**What to produce:** The records that follow are to be repeated in full, with no pictures retained.
==================================================
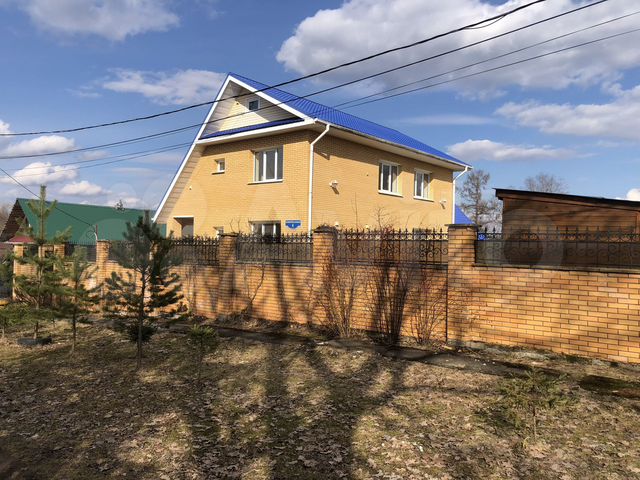 Коттедж 123,4 м² на участке 11 сот. на продажу в Чудово | Купить дом в ...
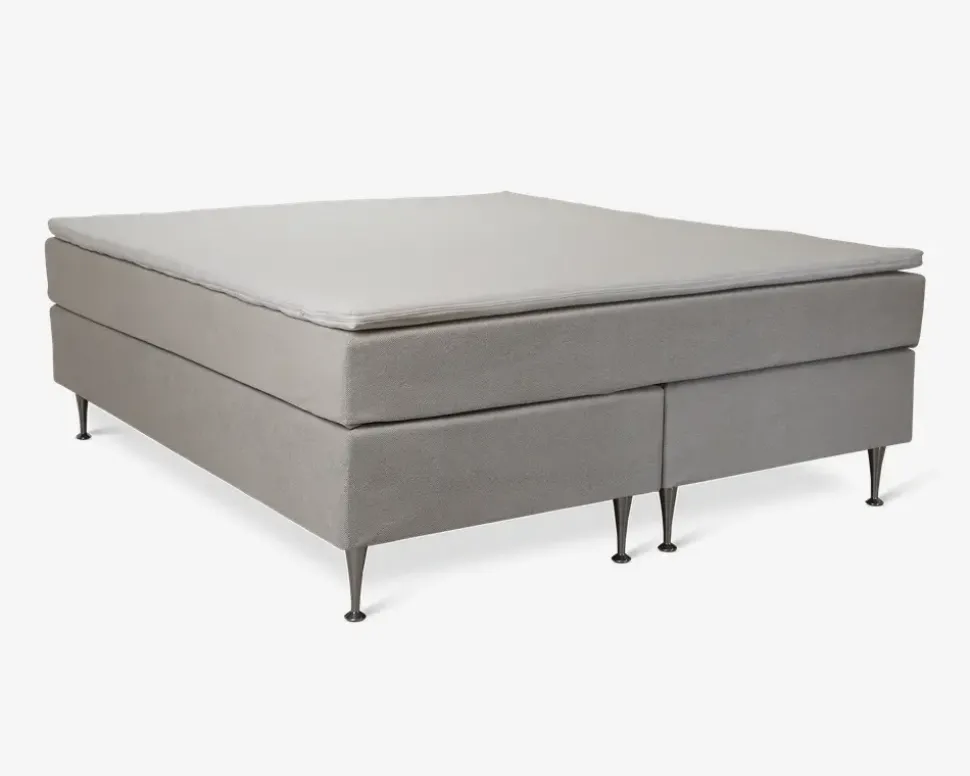 Forli Continentalseng 180 x 200 cm beige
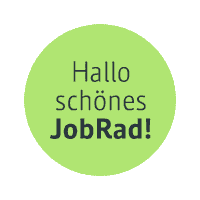 JobRadDeutschland new bike jobrad newbikeday jobradmoment Sticker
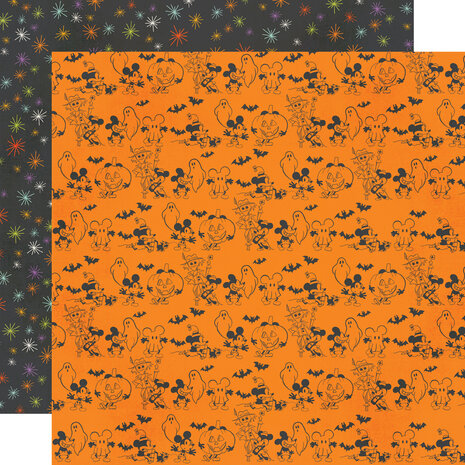 Simple Stories Say Cheese Classic Mouse Halloween 12x12 Inch Collection Kit (27200) Simple Stories Say Cheese Classic Mouse Halloween 12x12 Inch Collection Kit (27200)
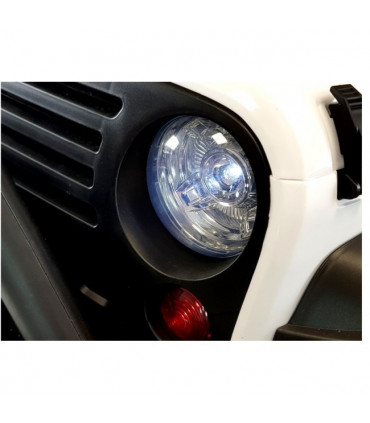 Carro Elétrico Jeep Rough Speed 4x4 12V Bateria c/ Comando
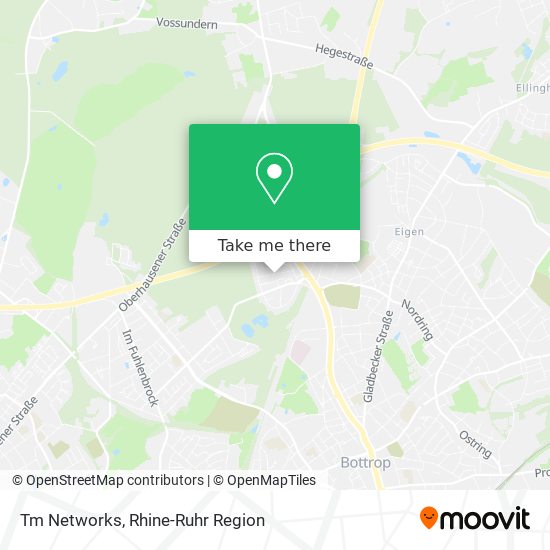 Tm Networks map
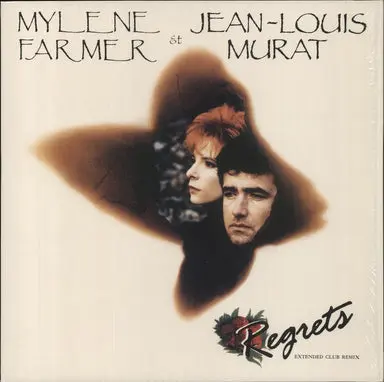 Mylène Farmer & Jean-Louis Murat | Regrets (extended club remix) - Maxi 45T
==================================================
**Solution for this problem:**
 Коттедж 123,4 м² на участке 11 сот. на продажу в Чудово | Купить дом в ...
 Forli Continentalseng 180 x 200 cm beige
 JobRadDeutschland new bike jobrad newbikeday jobradmoment Sticker
 Simple Stories Say Cheese Classic Mouse Halloween 12x12 Inch Collection Kit (27200) Simple Stories Say Cheese Classic Mouse Halloween 12x12 Inch Collection Kit (27200)
 Carro Elétrico Jeep Rough Speed 4x4 12V Bateria c/ Comando
 Tm Networks map
 Mylène Farmer & Jean-Louis Murat | Regrets (extended club remix) - Maxi 45T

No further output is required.